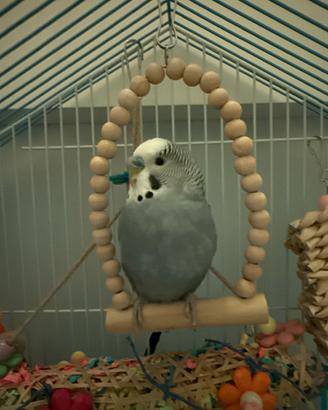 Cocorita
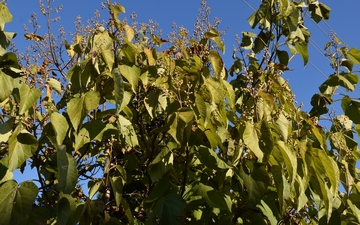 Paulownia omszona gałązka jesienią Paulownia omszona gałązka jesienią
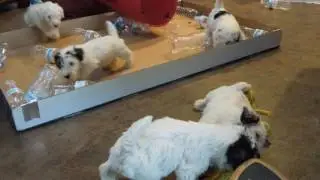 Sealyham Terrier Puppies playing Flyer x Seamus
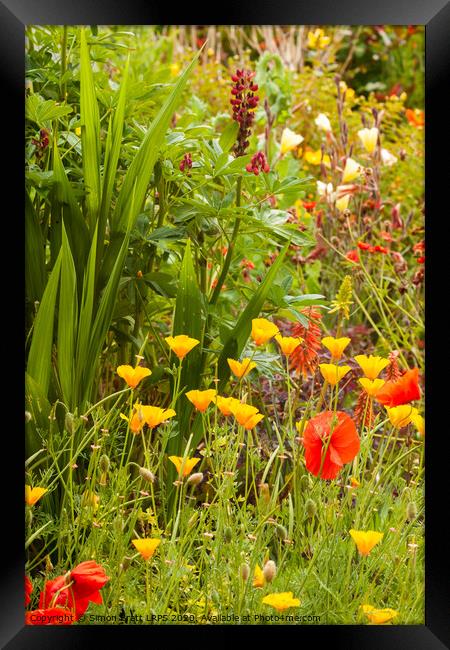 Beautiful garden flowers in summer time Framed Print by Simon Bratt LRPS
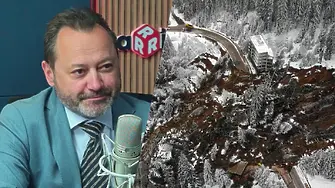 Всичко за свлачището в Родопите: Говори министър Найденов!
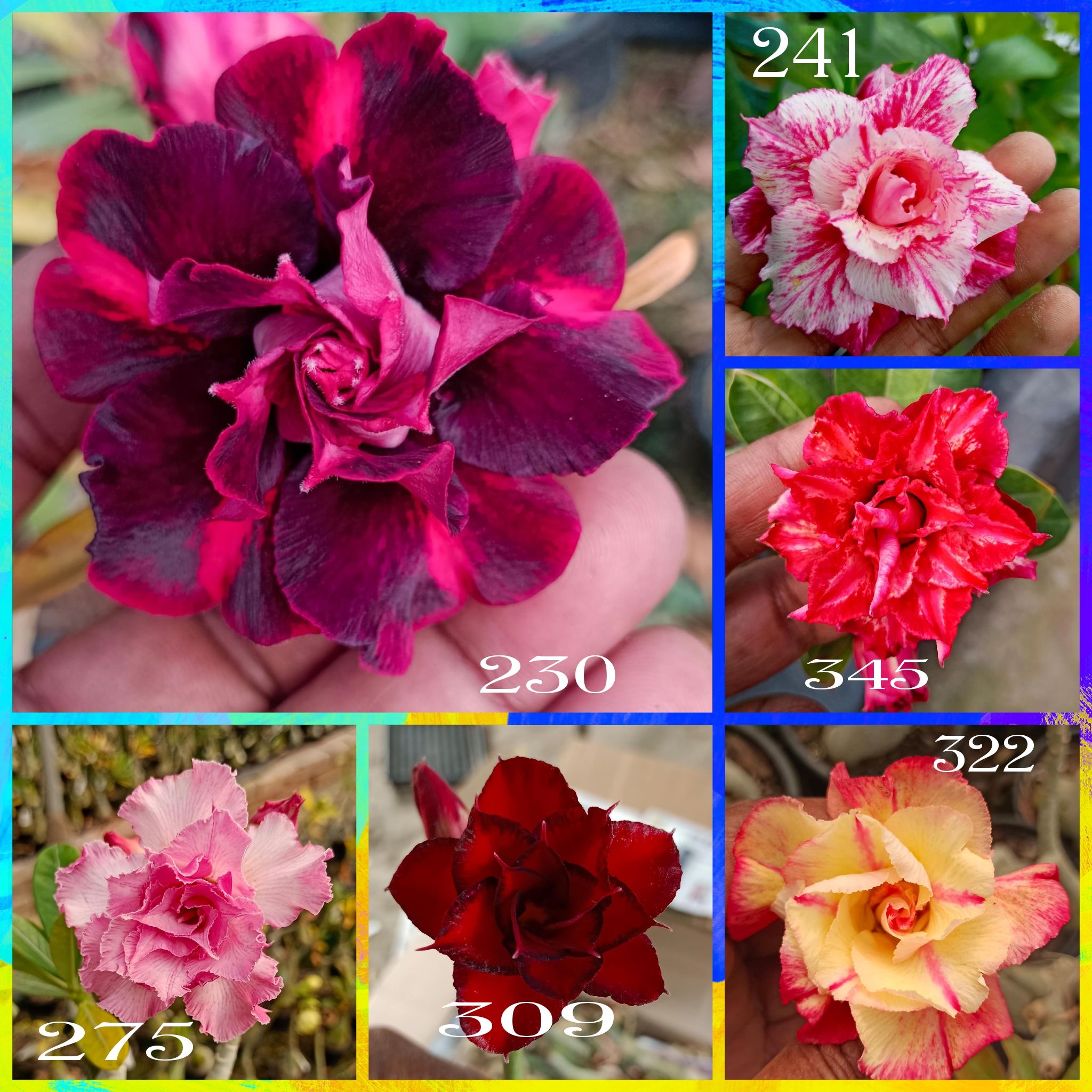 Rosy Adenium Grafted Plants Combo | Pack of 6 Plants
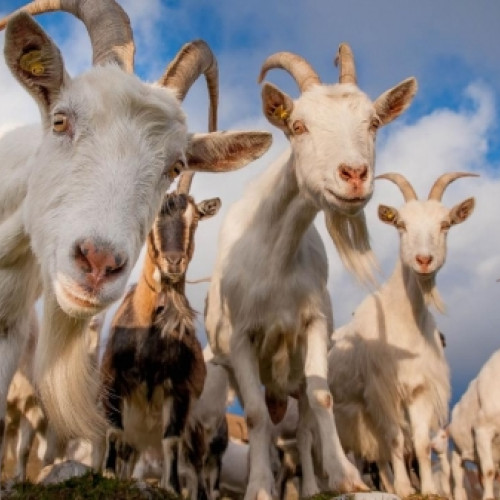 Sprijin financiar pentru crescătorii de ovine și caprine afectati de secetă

===============

**WHAT YOU NEED TO DO**: Repeat the data exactly. No pictures should appear.

**WRITTEN REPLY**:
 Cocorita
 Paulownia omszona gałązka jesienią Paulownia omszona gałązka jesienią
 Sealyham Terrier Puppies playing Flyer x Seamus
 Beautiful garden flowers in summer time Framed Print by Simon Bratt LRPS
 Всичко за свлачището в Родопите: Говори министър Найденов!
 Rosy Adenium Grafted Plants Combo | Pack of 6 Plants
 Sprijin financiar pentru crescătorii de ovine și caprine afectati de secetă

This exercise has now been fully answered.